Verified answer

By the definition of the derivative, this limit equals f'(4) when f(x) = 4/x^2. f(x)'s derivative, which can be easily calculated, exists at x = 4, so f(x) is differentiable at x = 4 and f'(4) exists, meaning that the limit exists. Alternatively, we can compute the limit algebraically by first reducing 4/16 to 1/4 to get:

lim (h-->0) [4/(4 + h)^2 - 4/16]/h = lim (h-->0) [4/(4 + h)^2 - 1/4]/h,

and then since the LCD of the fractions in the numerator is 4(4 + h)^2, multiplying the numerator and denominator of the main fraction by 4(4 + h)^2 will clear the fractions in numerator. Doing this gives:

lim (h-->0) [4/(4 + h)^2 - 4/16]/h = lim (h-->0) [4/(4 + h)^2 - 1/4]/h

= lim (h-->0) [4(4) - (4 + h)^2]/[4h(4 + h)^2]

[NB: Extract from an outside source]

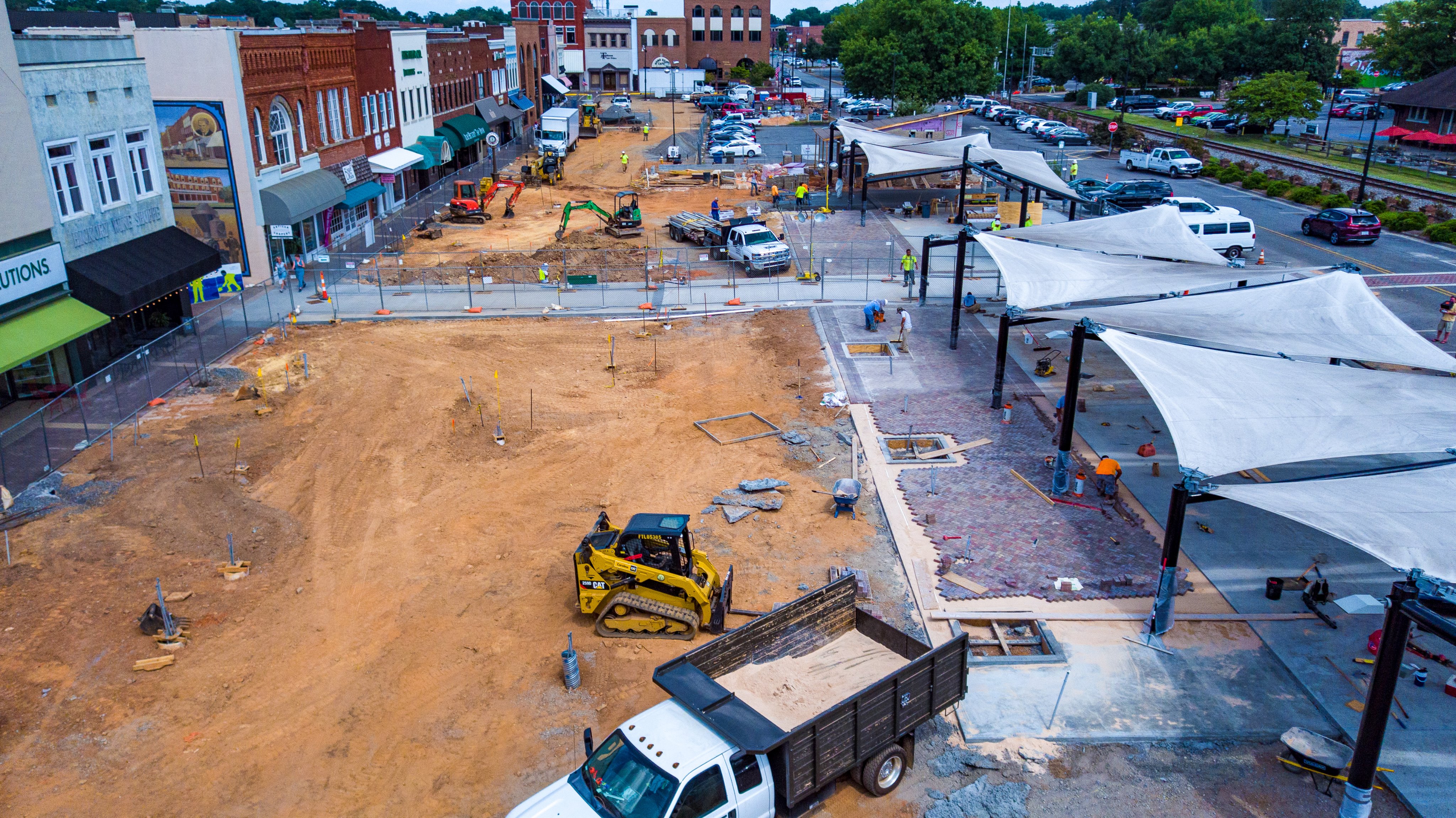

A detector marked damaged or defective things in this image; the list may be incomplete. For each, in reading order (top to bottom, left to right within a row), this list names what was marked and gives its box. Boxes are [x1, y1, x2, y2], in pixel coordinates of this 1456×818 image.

broken concrete slab [739, 474, 798, 486]
broken concrete slab [707, 486, 780, 506]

= lim (h-->0) [16 - (h^2 + 8h + 16)]/[4h(4 + h)^2], by expanding the numerator

= -1/4 * lim (h-->0) (h^2 + 8h)/[h(4 + h)^2], by pulling out -1/4

= -1/4 * lim (h-->0) [h(h + 8)]/[h(4 + h)^2], by factoring the numerator

= -1/4 * lim (h-->0) (h + 8)/(4 + h)^2, by canceling the conflicting h factor

= (-1/4)(8/4^2), by evaluating the result at h = 0

= -1/8.

Thus, the limit exists and equals -1/8.